PROBLEM DESCRIPTION =
Every line of the entries below that carries the string "Collection" should be copied.

TASK INPUTS =
'''

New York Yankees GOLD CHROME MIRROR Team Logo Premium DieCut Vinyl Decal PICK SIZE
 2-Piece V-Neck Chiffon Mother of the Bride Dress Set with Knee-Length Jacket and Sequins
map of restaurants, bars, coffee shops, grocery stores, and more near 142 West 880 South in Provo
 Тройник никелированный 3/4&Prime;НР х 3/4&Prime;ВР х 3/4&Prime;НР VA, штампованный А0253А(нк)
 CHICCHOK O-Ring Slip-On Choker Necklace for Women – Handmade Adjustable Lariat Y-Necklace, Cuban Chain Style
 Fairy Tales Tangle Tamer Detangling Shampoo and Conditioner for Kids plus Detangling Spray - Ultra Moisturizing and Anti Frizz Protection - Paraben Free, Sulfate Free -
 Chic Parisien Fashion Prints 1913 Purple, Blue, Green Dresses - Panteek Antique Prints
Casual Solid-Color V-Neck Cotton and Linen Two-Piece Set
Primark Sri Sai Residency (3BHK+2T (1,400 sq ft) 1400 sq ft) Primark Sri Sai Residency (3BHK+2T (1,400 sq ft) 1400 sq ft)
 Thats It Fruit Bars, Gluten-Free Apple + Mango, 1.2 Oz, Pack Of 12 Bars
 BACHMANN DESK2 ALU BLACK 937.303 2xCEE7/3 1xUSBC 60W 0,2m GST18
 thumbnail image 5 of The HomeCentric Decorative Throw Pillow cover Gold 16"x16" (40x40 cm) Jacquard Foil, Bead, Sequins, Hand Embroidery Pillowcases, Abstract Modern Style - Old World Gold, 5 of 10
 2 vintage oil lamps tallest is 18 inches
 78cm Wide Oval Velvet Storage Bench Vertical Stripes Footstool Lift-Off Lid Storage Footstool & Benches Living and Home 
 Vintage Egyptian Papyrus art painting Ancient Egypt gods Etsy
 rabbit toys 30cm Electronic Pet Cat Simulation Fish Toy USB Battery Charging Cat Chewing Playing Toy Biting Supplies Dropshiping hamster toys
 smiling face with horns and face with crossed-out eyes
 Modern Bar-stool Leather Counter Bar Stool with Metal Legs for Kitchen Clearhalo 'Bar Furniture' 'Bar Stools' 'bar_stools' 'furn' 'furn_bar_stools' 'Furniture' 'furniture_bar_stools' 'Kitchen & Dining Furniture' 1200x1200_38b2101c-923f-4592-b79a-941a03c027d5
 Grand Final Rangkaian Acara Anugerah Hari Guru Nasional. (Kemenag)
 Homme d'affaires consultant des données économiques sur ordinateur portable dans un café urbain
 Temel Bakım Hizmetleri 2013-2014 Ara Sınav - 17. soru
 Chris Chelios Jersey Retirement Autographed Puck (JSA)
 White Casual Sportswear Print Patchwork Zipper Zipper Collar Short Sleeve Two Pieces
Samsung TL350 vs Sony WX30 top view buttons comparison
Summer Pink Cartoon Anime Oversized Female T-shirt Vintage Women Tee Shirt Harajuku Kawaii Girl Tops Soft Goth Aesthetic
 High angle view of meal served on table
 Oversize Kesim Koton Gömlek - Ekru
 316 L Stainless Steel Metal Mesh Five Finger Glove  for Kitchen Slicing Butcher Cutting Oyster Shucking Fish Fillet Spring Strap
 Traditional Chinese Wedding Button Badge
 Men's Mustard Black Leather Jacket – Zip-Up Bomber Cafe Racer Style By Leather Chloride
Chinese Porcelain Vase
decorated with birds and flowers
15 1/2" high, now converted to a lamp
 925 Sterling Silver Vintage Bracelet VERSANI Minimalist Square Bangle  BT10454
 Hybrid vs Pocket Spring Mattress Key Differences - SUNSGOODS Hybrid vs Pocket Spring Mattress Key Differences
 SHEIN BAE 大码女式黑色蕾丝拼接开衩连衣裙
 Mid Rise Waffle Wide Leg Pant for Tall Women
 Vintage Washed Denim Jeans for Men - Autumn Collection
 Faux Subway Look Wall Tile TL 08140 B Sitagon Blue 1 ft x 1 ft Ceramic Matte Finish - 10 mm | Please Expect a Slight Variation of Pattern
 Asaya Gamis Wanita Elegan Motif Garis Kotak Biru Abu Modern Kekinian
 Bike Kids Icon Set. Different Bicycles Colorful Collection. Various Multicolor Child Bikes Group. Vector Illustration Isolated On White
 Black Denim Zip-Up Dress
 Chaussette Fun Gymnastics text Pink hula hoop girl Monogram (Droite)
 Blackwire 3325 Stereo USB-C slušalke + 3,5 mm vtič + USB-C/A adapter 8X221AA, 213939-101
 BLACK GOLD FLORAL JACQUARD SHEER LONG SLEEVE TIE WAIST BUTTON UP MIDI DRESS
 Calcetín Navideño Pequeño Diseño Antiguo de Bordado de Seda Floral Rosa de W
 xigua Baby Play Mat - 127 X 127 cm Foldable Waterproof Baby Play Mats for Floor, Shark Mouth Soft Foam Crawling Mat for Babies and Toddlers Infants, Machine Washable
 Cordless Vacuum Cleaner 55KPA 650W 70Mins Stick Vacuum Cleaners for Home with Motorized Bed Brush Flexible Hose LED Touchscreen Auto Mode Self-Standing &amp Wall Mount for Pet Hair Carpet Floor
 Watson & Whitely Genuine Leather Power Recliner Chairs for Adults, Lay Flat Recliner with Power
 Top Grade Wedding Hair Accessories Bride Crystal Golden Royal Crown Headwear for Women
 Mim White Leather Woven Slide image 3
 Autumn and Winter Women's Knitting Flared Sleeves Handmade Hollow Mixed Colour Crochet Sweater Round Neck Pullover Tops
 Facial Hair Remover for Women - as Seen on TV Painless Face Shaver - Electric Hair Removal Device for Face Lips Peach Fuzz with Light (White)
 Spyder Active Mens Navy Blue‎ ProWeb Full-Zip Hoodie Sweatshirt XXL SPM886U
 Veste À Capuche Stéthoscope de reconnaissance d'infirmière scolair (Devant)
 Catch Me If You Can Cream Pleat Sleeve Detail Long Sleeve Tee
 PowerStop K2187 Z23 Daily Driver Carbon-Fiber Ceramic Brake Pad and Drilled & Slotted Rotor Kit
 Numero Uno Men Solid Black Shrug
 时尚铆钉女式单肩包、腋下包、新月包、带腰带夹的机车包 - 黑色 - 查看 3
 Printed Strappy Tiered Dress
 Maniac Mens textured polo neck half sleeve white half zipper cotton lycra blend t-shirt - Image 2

'''

ANSWER TO THIS TASK =
 Vintage Washed Denim Jeans for Men - Autumn Collection
 Bike Kids Icon Set. Different Bicycles Colorful Collection. Various Multicolor Child Bikes Group. Vector Illustration Isolated On White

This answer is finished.